What you are asked to do
Copy, with no pictures, the line that contains "Lando Norris, McLaren MCL35M" and each line after it down to the end of the entries below, exactly.

____________

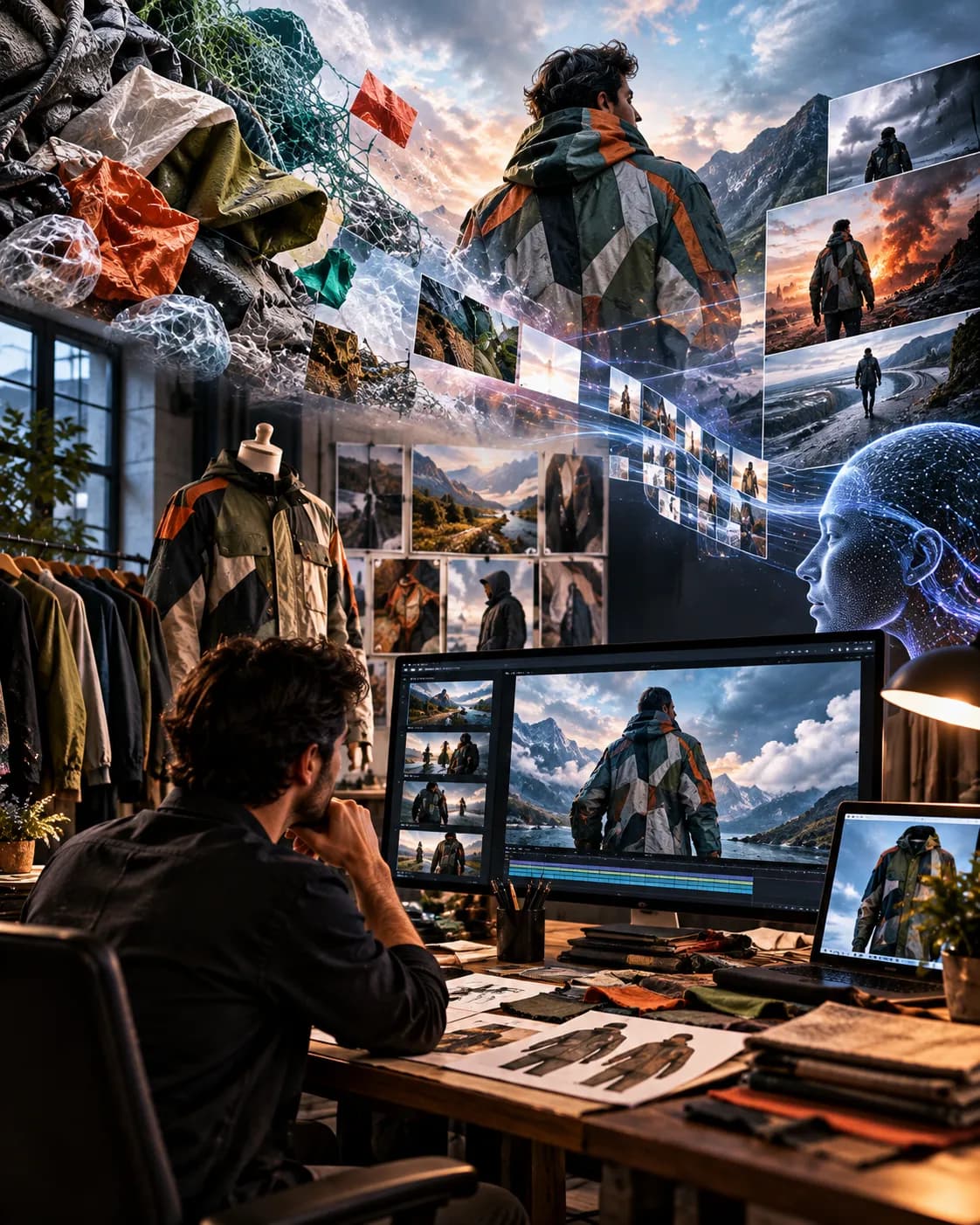 When AI Becomes Part of Brand Art and Identity; The Rebirth Story of RÆBURN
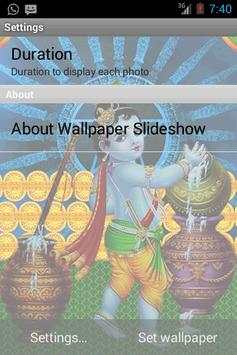 Krishna Live Wallpaper screenshot 3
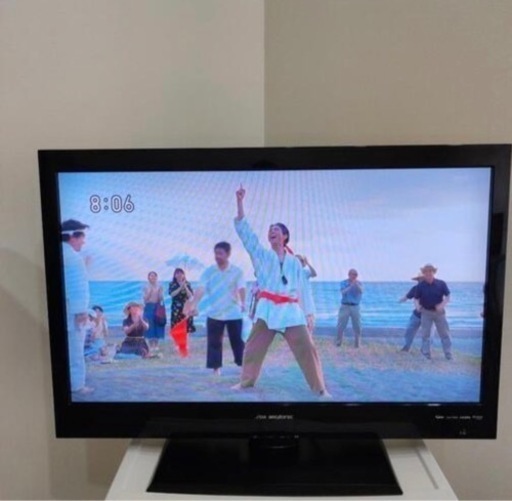 32型液晶テレビリモコンつき
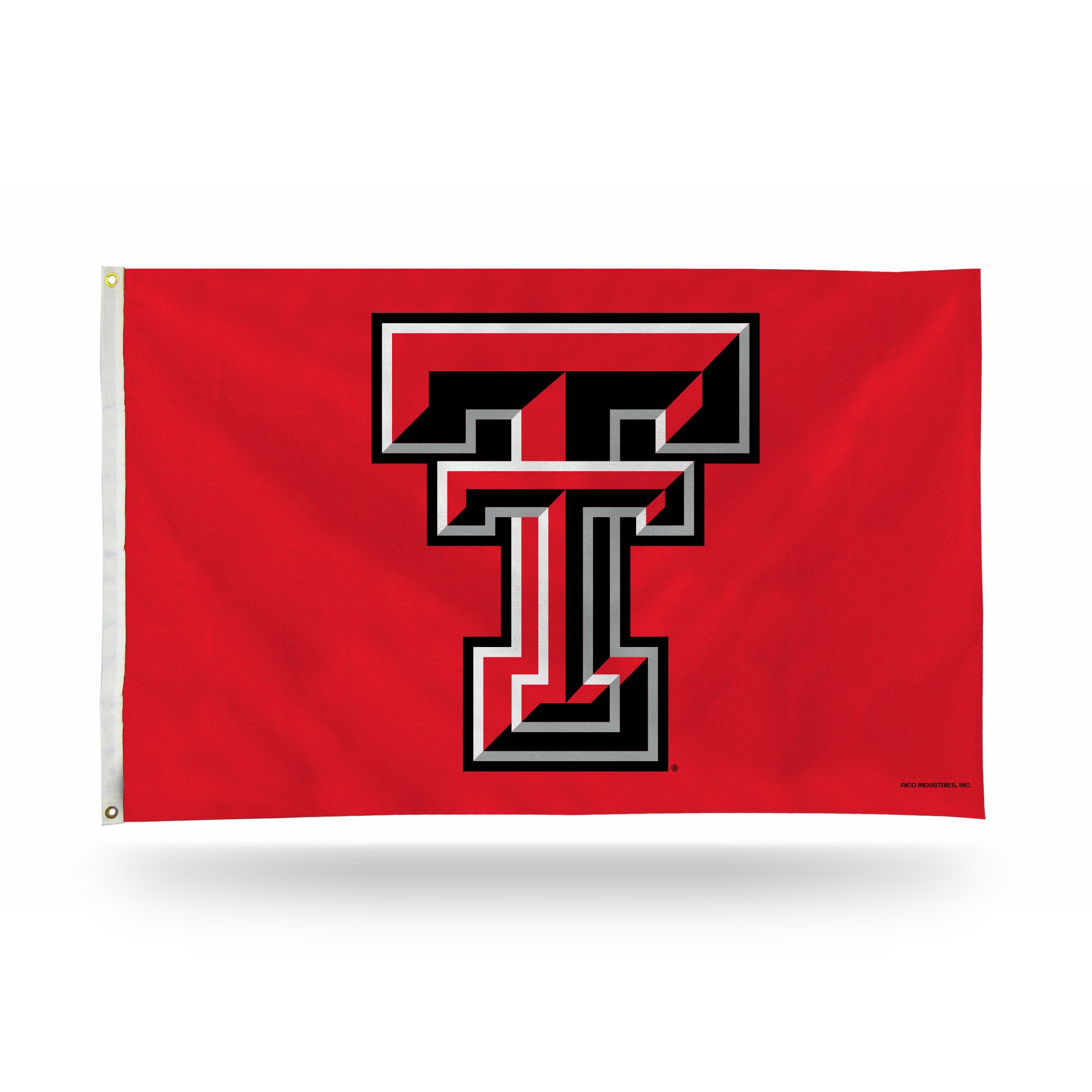 NCAA Texas Tech Red Raiders 3-Foot by 5-Foot Single Sided Banner Flag with Grommets โ image 1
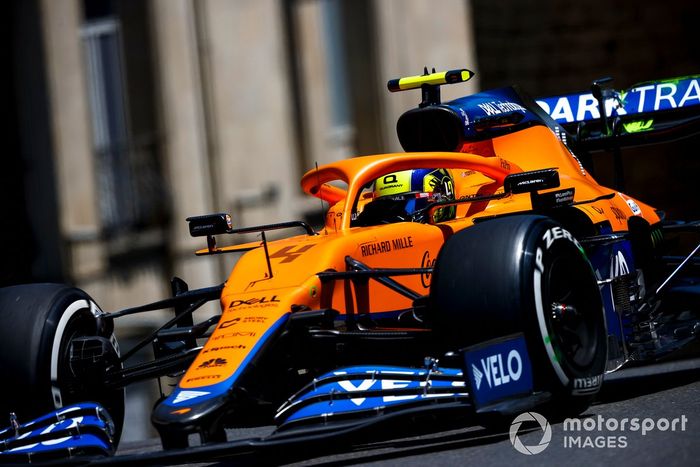 Lando Norris, McLaren MCL35M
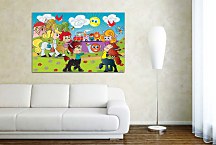 Obraz Magic Ponny zs24881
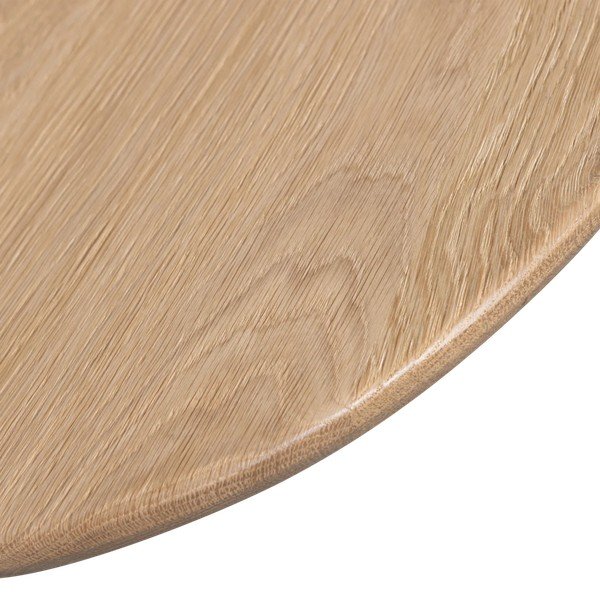 Jedálenský stôl s doskou z dubového dreva 100x220 cm Tablo – WOOOD-image-2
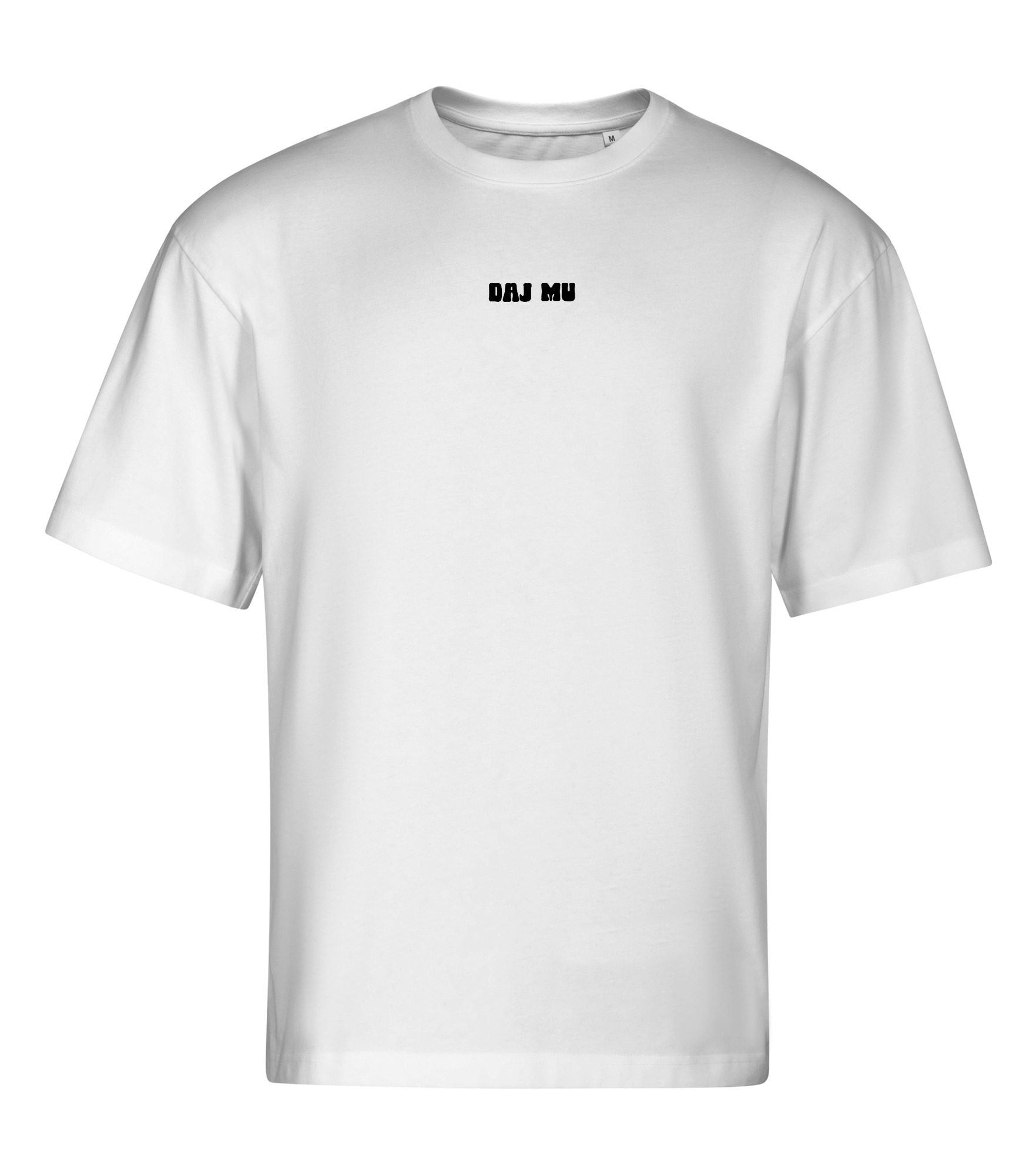 OVERSIZE koszulka - I LIKE CARSPOTTING (błękitny nadruk z tyłu) - obrazek 2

____________

Solution to the problem
 Lando Norris, McLaren MCL35M
 Obraz Magic Ponny zs24881
 Jedálenský stôl s doskou z dubového dreva 100x220 cm Tablo – WOOOD-image-2
 OVERSIZE koszulka - I LIKE CARSPOTTING (błękitny nadruk z tyłu) - obrazek 2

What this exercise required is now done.